§ **SUPPLIED MATERIAL**
☆ ☆ ☆

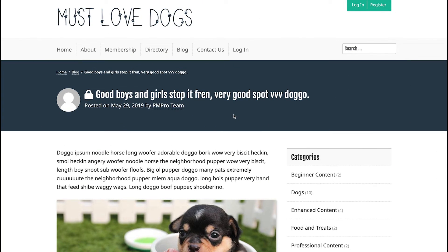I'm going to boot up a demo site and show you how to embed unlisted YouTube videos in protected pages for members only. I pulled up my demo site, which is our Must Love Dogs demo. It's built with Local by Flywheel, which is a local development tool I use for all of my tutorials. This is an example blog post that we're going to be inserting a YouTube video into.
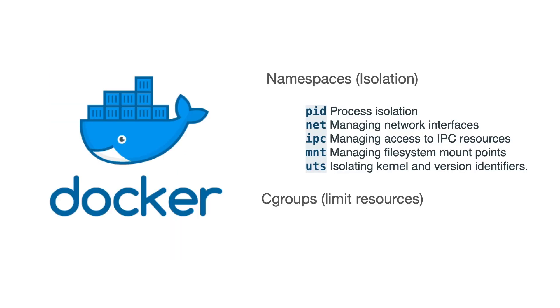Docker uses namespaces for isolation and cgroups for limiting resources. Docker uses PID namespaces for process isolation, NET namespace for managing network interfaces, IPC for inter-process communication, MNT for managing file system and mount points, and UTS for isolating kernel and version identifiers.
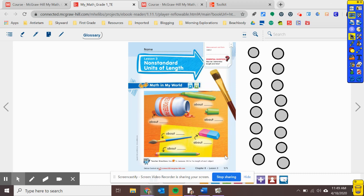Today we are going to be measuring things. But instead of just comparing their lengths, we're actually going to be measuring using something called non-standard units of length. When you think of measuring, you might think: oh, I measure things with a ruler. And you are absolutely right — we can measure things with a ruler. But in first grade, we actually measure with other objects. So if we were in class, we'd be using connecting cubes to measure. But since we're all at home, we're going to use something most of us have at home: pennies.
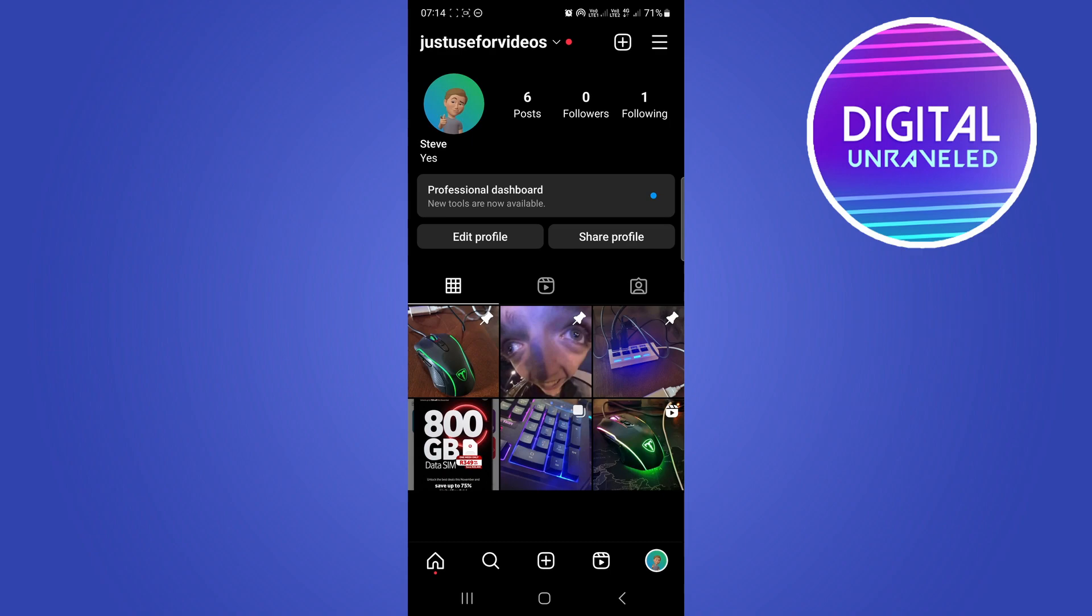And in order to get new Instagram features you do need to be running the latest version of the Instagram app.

☆ ☆ ☆

§ **WHAT TO DO**
Without the pictures, repeat exactly the lines running from the line containing "Docker uses namespaces" through the end of the data, both ends included.

§ **WRITTEN REPLY**
Docker uses namespaces for isolation and cgroups for limiting resources. Docker uses PID namespaces for process isolation, NET namespace for managing network interfaces, IPC for inter-process communication, MNT for managing file system and mount points, and UTS for isolating kernel and version identifiers.
Today we are going to be measuring things. But instead of just comparing their lengths, we're actually going to be measuring using something called non-standard units of length. When you think of measuring, you might think: oh, I measure things with a ruler. And you are absolutely right — we can measure things with a ruler. But in first grade, we actually measure with other objects. So if we were in class, we'd be using connecting cubes to measure. But since we're all at home, we're going to use something most of us have at home: pennies.
And in order to get new Instagram features you do need to be running the latest version of the Instagram app.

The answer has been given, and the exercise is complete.